Air Commodore Andrew George Board  (11 May 1878 – 25 February 1973) was an English soldier and airman. He was a pioneer aviator, first gaining a licence in 1910, who later became an air commodore in the Royal Air Force.

South Wales Borderers
Following a time in the militia, Board was commissioned as a second lieutenant in the South Wales Borderers. In 1910, at his own expense, he learned to fly at Hendon. On 29 November 1910, flying a Bleriot monoplane there, he was awarded the Royal Aero Club Aviator's Certificate No. 36.

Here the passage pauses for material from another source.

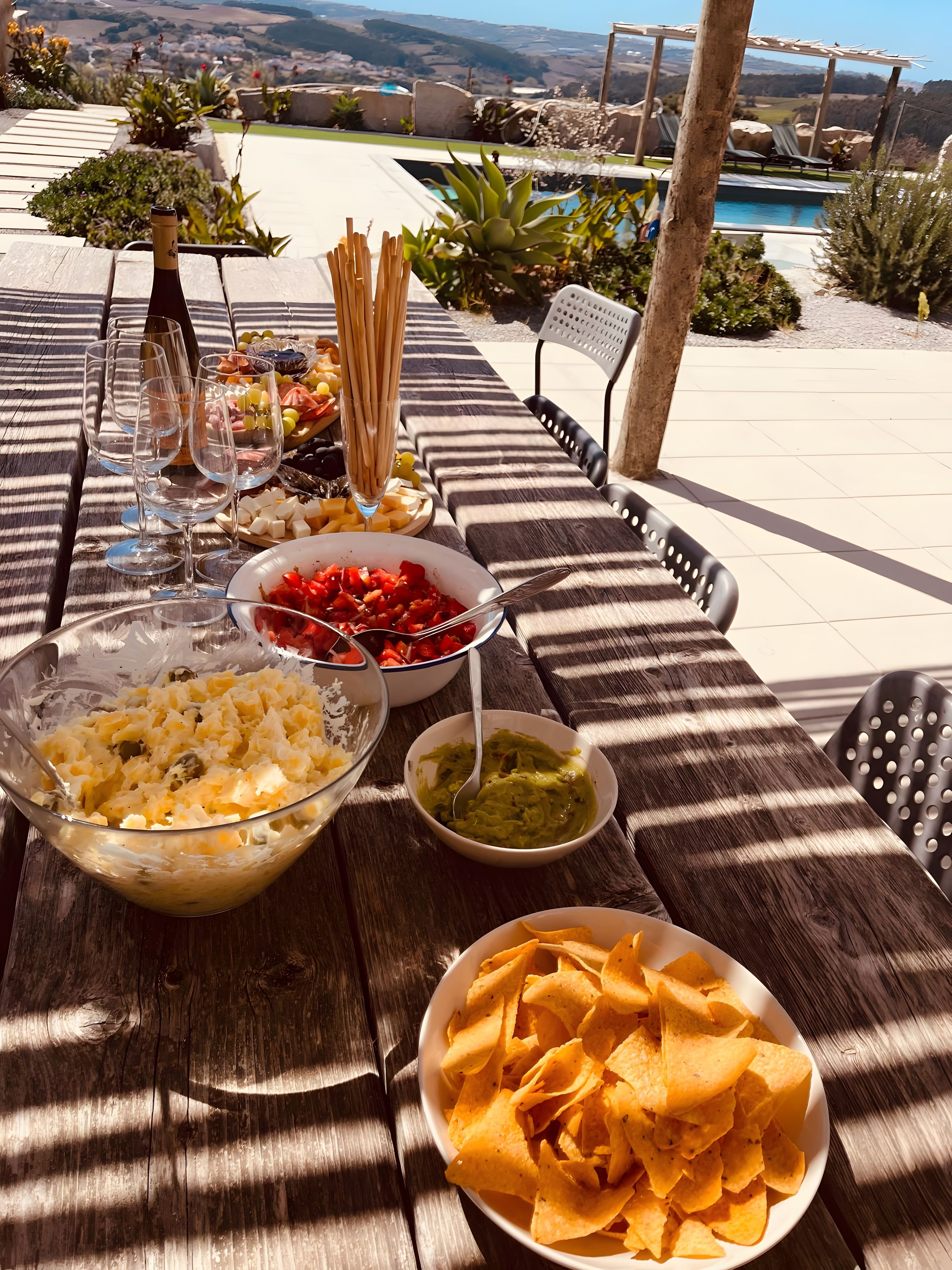 Mesa posta ao ar livre com comida e bebidas, com vista para uma piscina e paisagem.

In the 1911 Census he was listed as a captain of the 2nd Battalion South Wales Borderers at the Artillery Barracks Pretoria, South Africa.

Royal Flying Corps
By 1914, Board had become a flying instructor at the Central Flying School at Netheravon, Wiltshire. On 28 September 1914 he became the officer commanding 7 Squadron RFC at Netheravon before moving to the western front in April 1915 to command 5 Squadron RFC. He later commanded the 10th Wing RFC before taking over 20th (Reserve) Wing in Egypt.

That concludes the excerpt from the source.